This chapter centres on Macau’s experience from the occupation of Hong Kong in December 1941 until the end of the war in September 1945, when the enclave became the last foreign-ruled territory in China to remain unoccupied by Japan. It argues that collaboration through compliance was a way of avoiding occupation. In this period, the practice of neutrality in Macau reached a peak of ambiguity. It was marked by the interplay of different forces and important new players competing for political legitimacy, economic control and social influence. These included Chiang Kai-shek’s government, Wang Jingwei’s Reorganised National Government, Portuguese colonial authorities, Japanese military forces and local elites.
This chapter introduces the main themes and arguments of the book. It places Macau in the history and historiography of the Second World War in China and in Portugal, and contrasts Macau with other foreign-ruled territories in China, such as the International Settlement and the French Concession in Shanghai. The chapter also revisits the history of Sino–Portuguese relations in Macau, framing the enclave’s Second World War experience in a larger context of global connections, ambiguities and relative autonomy unfolding since the sixteenth century.
This chapter analyses the multifaceted impact of the arrival of thousands of refugees in Macau, showing how relief activities depended on the pragmatic interplay and cooperation of different state and non-state actors. Focusing on Chinese refugees from Shanghai and Guangdong province, and on Portuguese Eurasian refugees from Shanghai and Guangzhou, the chapter details how an unprecedented refugee influx constituted both a crisis and an opportunity for the territory’s administration, local population and the refugees themselves. These wartime refugee waves led to the emergence of a peculiar wartime cosmopolitanism in Macau, which sprang from new flows of people, capital and ideas from major treaty-port metropolises.

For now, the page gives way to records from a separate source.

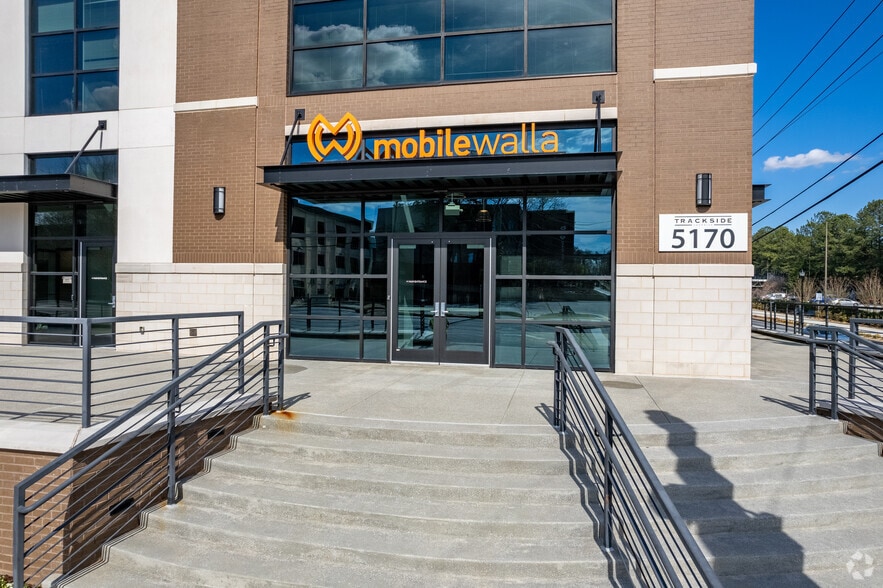 More Photos Of 5170 Peachtree Rd, Chamblee Office For Lease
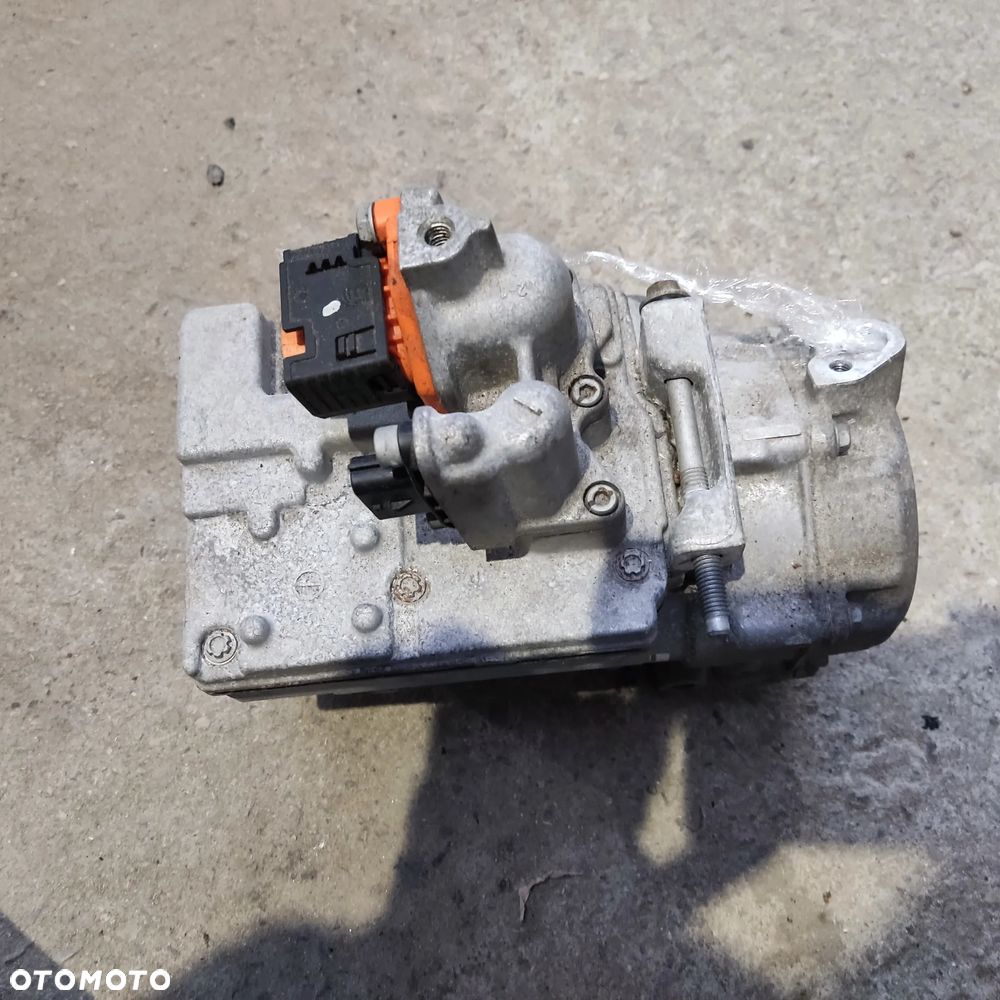 RENAULT ZOE 18r POMPA CIEPŁA KOMPRESOR KLIMATYZACJI 926005749R - 1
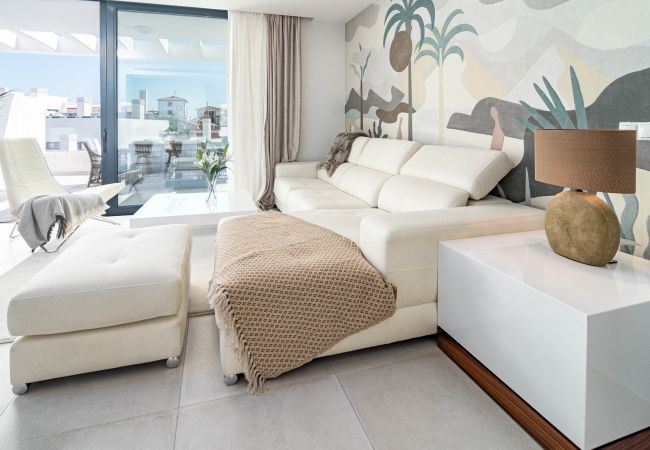 Apartamento en Estepona - CDG1-Beautiful 2-bedroom penthouse apartment in Cortijos del Golf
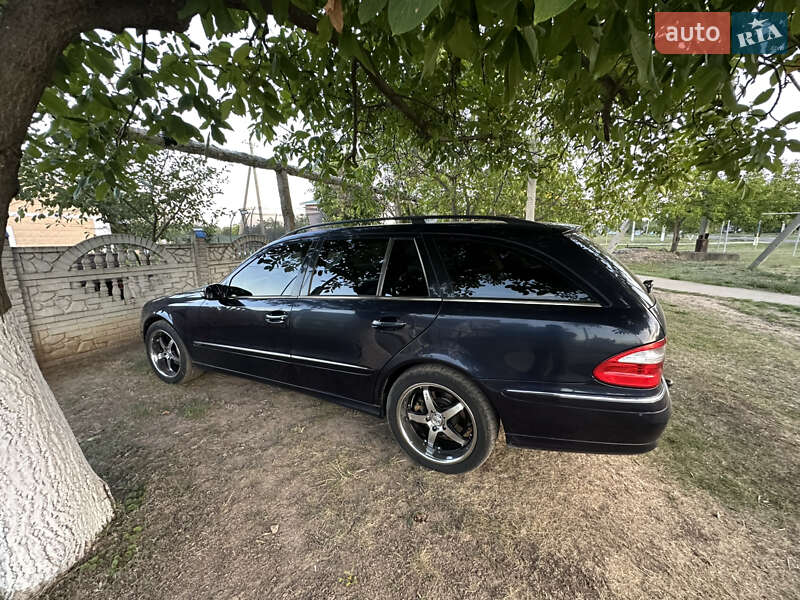 Универсал Mercedes-Benz E-Class 2003 в Южноукраинске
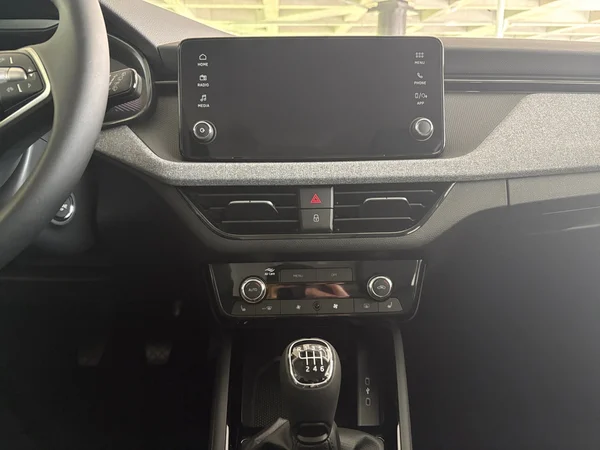 SKODA Kamiq (2025) — foto 8 van 24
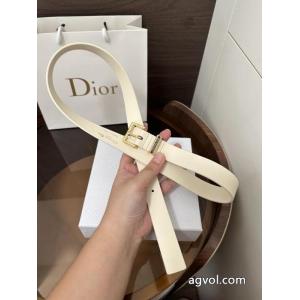 ブランド スーパー コピー 通販DIOR    ベルトヒットする2026コレクション 今年のトレンド！ より格上げして.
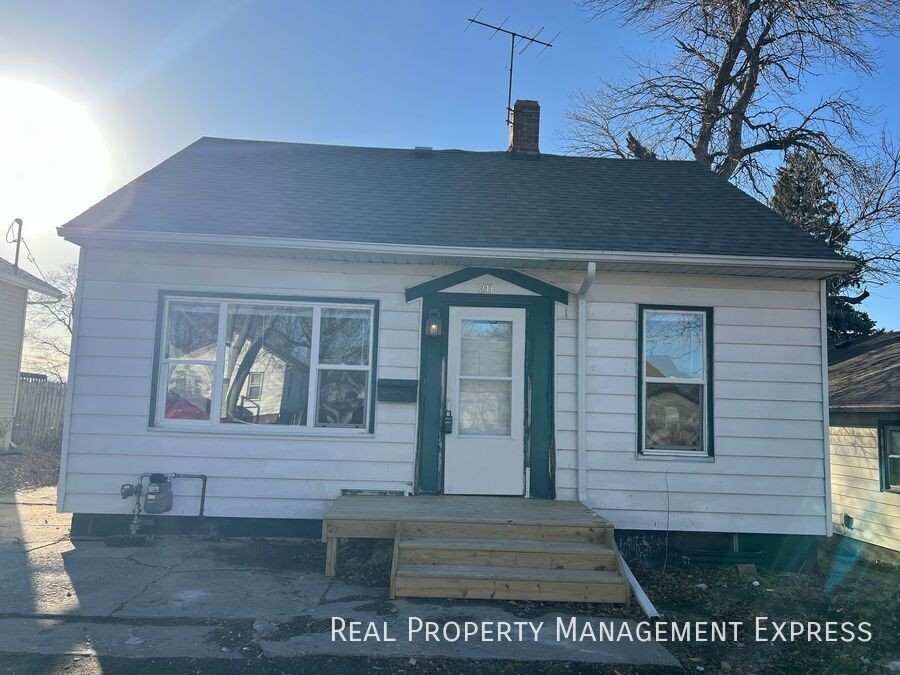 211 N Hawthorne Ave - Photo 2 of 27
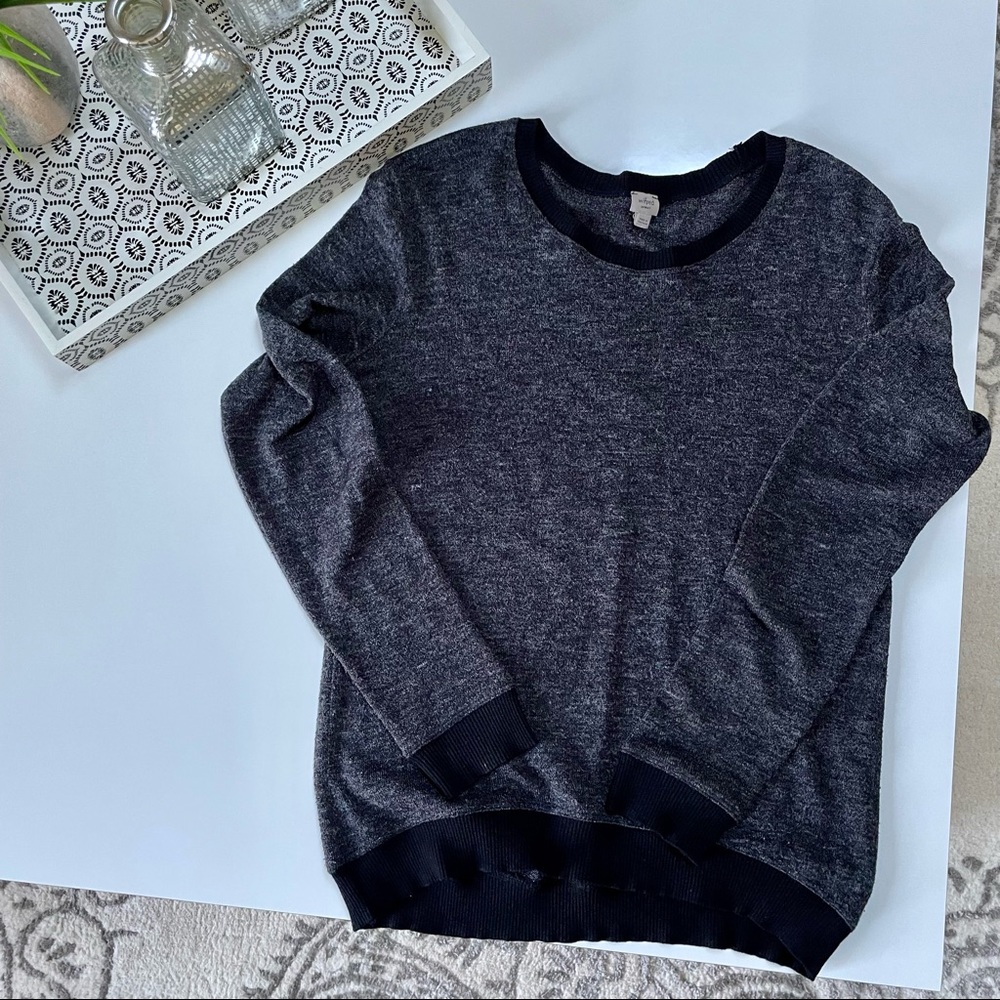 Aritzia Wilfred Gray and Black Sweater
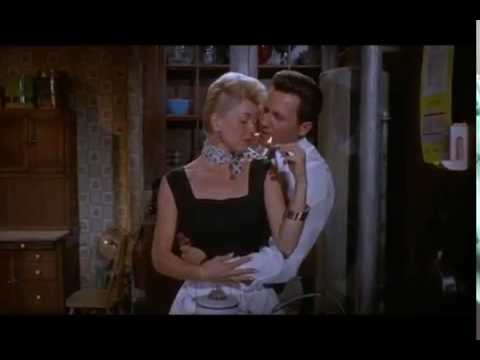 Doris Day and John Raitt - "Small Talk" from The Pajama Game (1957)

This chapter focuses on the experience of Hong Kong refugees in Macau. It addresses the role the British consulate in Macau played in refugee management and intelligence networks, explaining how the enclave was an important base and a connecting node for British operations. This chapter argues that Macau played an important supportive role to many in and from Hong Kong from late 1941 to the end of the war. It allowed for escapees to reach unoccupied China, for a great number of refugees to receive assistance, for intelligence to be gathered and for resistance activities to be coordinated. The chapter highlights the significant experience of colonial transplantation that allowed the British to keep a foothold in South China and facilitated the reoccupation of Hong Kong.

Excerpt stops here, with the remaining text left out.